A word to the wise for apparel companies: Don’t miss out on tax savings you’re entitled to.
As we neared the 2015 December holiday season, Congress was busy working on its annual gift package of new U.S. tax incentives and extenders of tax incentives that expired at the end of 2014. These incentives represent over fifty expired provisions and include such items as bonus depreciation, increases to the Sec. 179 deductions (expensing provision) and the research and development (R&D) credit. Usually these types of items are extended for one year and expire on December 31. The process then repeats every December going forward.
However, this past December Congress sent President Obama the year-end tax incentives package known as The Protecting Americans from Tax Hikes Act (PATH) of 2015, which he signed into law on December 18. One of the most important provisions of this new law is related to the R&D credit. Instead of just extending the current R&D provisions for one year as they have in the past, they expanded the law and made the R&D credit provisions permanent, which is very significant for proper tax planning.
Often, when I am speaking to owners and management of apparel companies, they are not aware that they may qualify for the R&D tax credit. This credit is effectively a cash incentive provided by our government for research and development activities performed by companies in the United States. Over the years, Congress has expanded these laws, and more and more activities and companies qualify for the credits. It doesn’t just apply to technology and drug companies. It is for any company that designs, develops or improves products and/or processes. For apparel companies, typical “R&D” activities involve the design and development of new garments and techniques. These include new garments, accessories, shoes, fabrics, chemical treatments, etc. You do not need to have a special lab set up for R&D to take place.
Unfortunately, one of the most significant limitations companies historically faced from the R&D credit was the Alternative Minimum Tax (AMT) limitation. The R&D credit in the past could only reduce the regular tax down to the amount of AMT. For many taxpayers, this eliminated the benefits of the credit. AMT is complex, but in short, it is a parallel tax calculation and the tax you pay is the greater of your regular tax or the AMT. Since the credit did not reduce AMT, it was not useful to many taxpayers. One of the most significant and beneficial changes under the PATH is the credit can now reduce AMT as well as the regular tax for companies with under $50 million in gross receipts. This was the greatest impediment preventing companies from taking advantage of the R&D credit, and it has now been eliminated.

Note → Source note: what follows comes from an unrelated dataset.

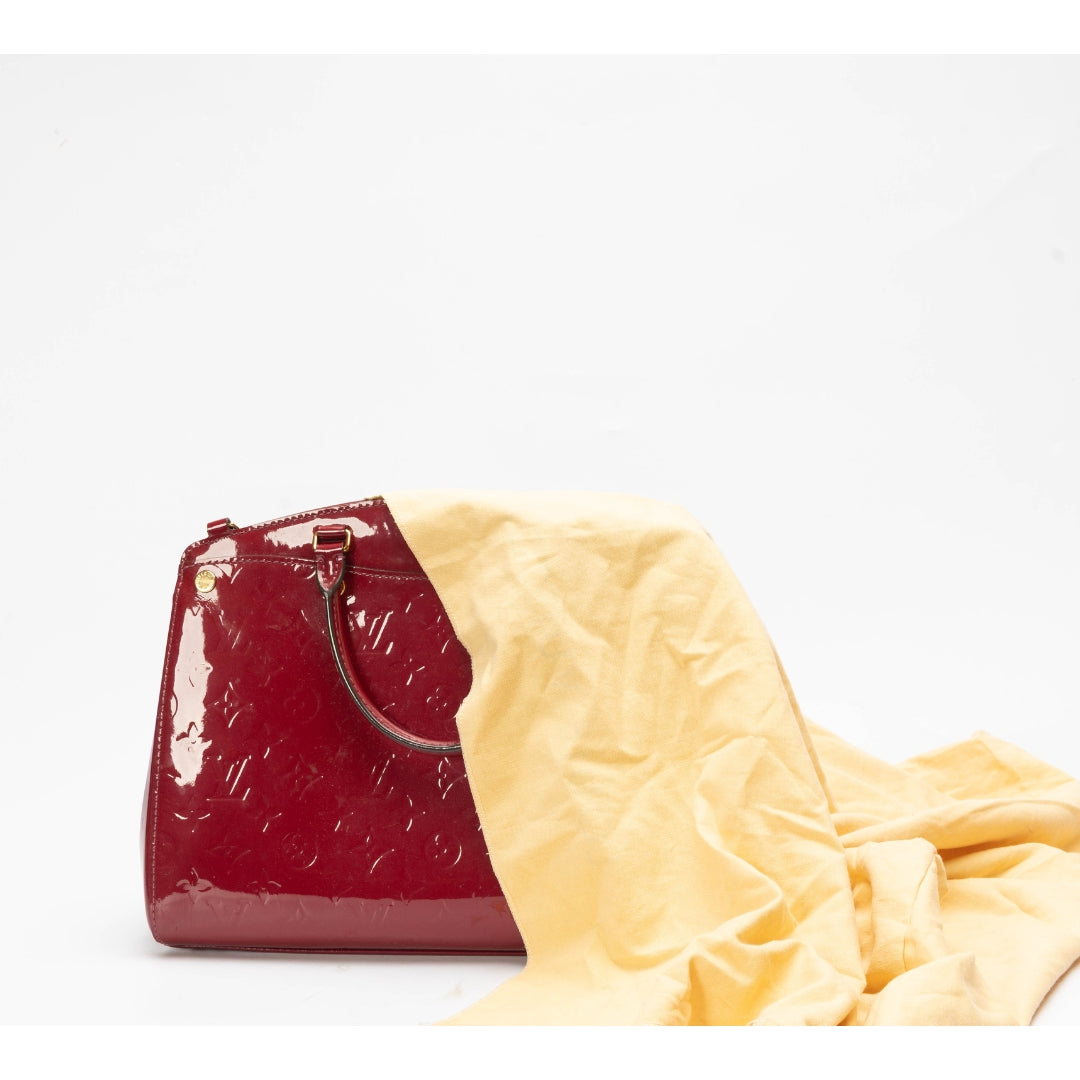 Louis Vuitton Griotte Vernis Brea MM Satchel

For companies that faced this in the past, it is time to look at this credit again. The other new R&D provision of the PATH targets start-up companies, allowing for a credit against payroll taxes for companies with less than $5 million in gross receipts. This provision is capped at $250,000 of credits per year for 5 years.
As with many tax laws, understanding if you qualify for, and can take advantage of, R&D credits requires proper record keeping and documentation. Qualifying activities, and the time employees spend on these activities, must be identified and documented.